Nor was Barth neglecting his service to the community.  He was an active member on the Board of Trade and the Milwaukee Merchant Trader’s Association where he was said by a biographer to be “always…among the first in promoting the city’s best interests.”  His interests extended to the political field.  A Republican in a largely Democratic city, he was elected as an alderman from Milwaukee then Fifth Ward, serving from 1878 to 1882 until being defeated by a Democrat.  
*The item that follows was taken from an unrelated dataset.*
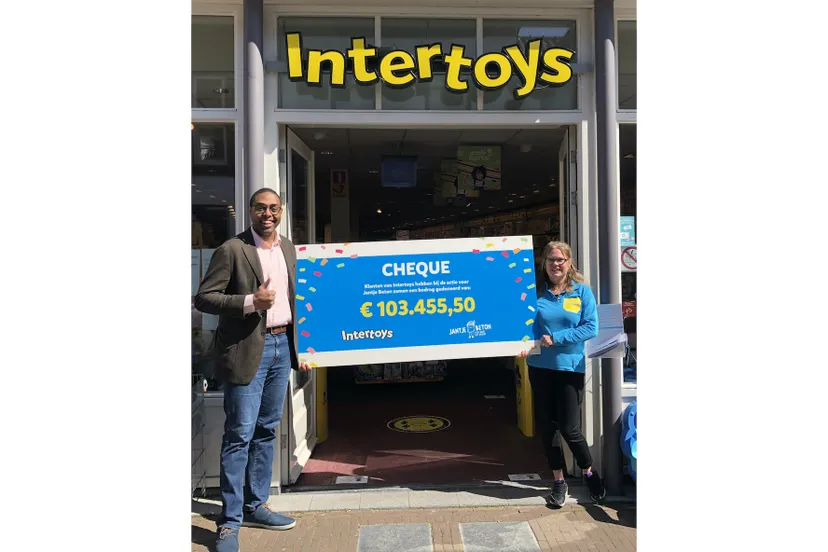 foto persbericht cheque uitreiking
He was a member of the Knights of Pythias, the Ancient Order of United Workmen, and the Oddfellows, all of them fraternal and service organizations, devoted to philanthropic work.  The Oddfellows seemed closest to Peter Barth’s heart, which he joined in 1883.  It was British-founded and known particularly for its charitable work, conducting fundraisers for both local and national charities.  At the age of 91, Barth was still attending meetings of the Milwaukee Oddfellows, recorded in press accounts as its oldest active member. 
As his father aged, Robert increasing took over the management of the firm.  In 1910 at age 71, however, Peter was still listed by the census as “liquor dealer.”  He was living at 302 19th Street, then a mansion-filled fashionable area of Milwaukee.  With him was his wife, Emma, and a grown bachelor son, George, who was a well-known Milwaukee physician. Although the Barths had amassed their fortunes by 1919, it must have been a blow to them when National Prohibition was enacted.  The business that Peter had founded and fostered for 53 years was forced to shut its doors. 

During the ensuing years Barth continued to be active in Milwaukee’s civic and social life.  For the last six months of life he was invalided, living just long enough to see Prohibition being repealed in 1934.  When he died at the age of 94, he was buried in Milwaukee County’s Forest Lawn, a cemetery not far from where he had been born.  Two years later Emma joined him.  Buried nearby are other members of the family, including both Robert and George Barth.


Note:  A chief source of information for this article and the picture of the Barth Company building are from the 1896 book, “Milwaukee— A Half Century’s Progress.”  Census data also was particularly useful.  The bottle pictures are from the “mrbottles.com” website which has many excellent photos of Wisconsin vintage whiskeys.